Home remedies for chicken pecking other chickens feathers
- Feather picking is unlikely to occur in small flocks. You can also stop it by getting a homogenous flock of the same age, breed, color, and size.
- You can also use anti-feather pecking spray on the feathers of the victim. The spray makes the feathers taste bad and not enticing for the hens.
- Provide your chicken with the appropriate nutritional diet and limit their treats as much as possible.
- Monitor the chicken and perform routine checks for external parasites. Ensure the birds have a dust bathing area to maintain the health of their feathers and skin.
- Your chickens need ample space of at least 4 square feet per bird in enclosed spaces. If your chickens are primarily confined in the coop and their run provides more space for each hen to avoid boredom and feather pecking.

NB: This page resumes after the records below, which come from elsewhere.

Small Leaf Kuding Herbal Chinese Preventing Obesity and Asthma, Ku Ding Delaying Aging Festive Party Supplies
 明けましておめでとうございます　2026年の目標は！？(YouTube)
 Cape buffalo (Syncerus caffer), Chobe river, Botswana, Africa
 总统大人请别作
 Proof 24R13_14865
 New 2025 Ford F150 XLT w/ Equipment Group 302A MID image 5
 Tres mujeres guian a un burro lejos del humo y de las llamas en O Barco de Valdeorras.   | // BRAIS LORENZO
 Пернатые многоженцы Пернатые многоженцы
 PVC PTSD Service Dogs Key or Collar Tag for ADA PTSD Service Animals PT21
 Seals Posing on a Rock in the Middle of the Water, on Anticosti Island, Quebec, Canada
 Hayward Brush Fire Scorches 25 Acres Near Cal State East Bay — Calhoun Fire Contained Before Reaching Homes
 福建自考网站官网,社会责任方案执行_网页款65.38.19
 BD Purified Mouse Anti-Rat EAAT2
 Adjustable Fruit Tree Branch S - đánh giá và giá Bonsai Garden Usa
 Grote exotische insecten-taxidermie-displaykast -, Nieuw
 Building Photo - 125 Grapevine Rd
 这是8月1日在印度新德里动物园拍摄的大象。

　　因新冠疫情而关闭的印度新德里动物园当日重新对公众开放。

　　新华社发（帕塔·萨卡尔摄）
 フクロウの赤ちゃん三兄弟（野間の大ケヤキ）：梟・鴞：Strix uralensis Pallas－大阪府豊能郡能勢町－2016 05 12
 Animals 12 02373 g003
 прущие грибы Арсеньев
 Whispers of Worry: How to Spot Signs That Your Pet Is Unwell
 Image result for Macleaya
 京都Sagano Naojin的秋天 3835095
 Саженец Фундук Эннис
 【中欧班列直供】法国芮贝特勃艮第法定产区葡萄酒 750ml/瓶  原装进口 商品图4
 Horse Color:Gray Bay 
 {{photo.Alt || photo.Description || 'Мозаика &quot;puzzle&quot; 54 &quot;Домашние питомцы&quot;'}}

- Try to alleviate boredom by providing fun activities, such as hanging cabbage, zucchini, or cucumber to peck on and flock blocks or handfuls that they can scratch on and eat.
- During molting, use anti-pecking feather spray to make the emerging feathers taste bad to hens that try to pick them. Ensure the molting birds get enough calcium and protein to make the process quicker.
- If one of the hens is unwell, you may need to isolate her for a few days as she recuperates, especially if she is being picked on severely.
- Remove the injured bird immediately because the sight of blood draws chickens, and it can lead to a frenzy.
- You may also consider getting a chicken saddle for the victim, especially if the feather picking came from a rooster.
Feather picking is a common problem that, if left unchecked, can lead to cannibalism and the death of your chicken.
Luckily, solving these issues is not difficult. You need to identify the root of the problem and remove it.
Most times, the real solution to feather picking is thinking out your flock or providing more space than they have.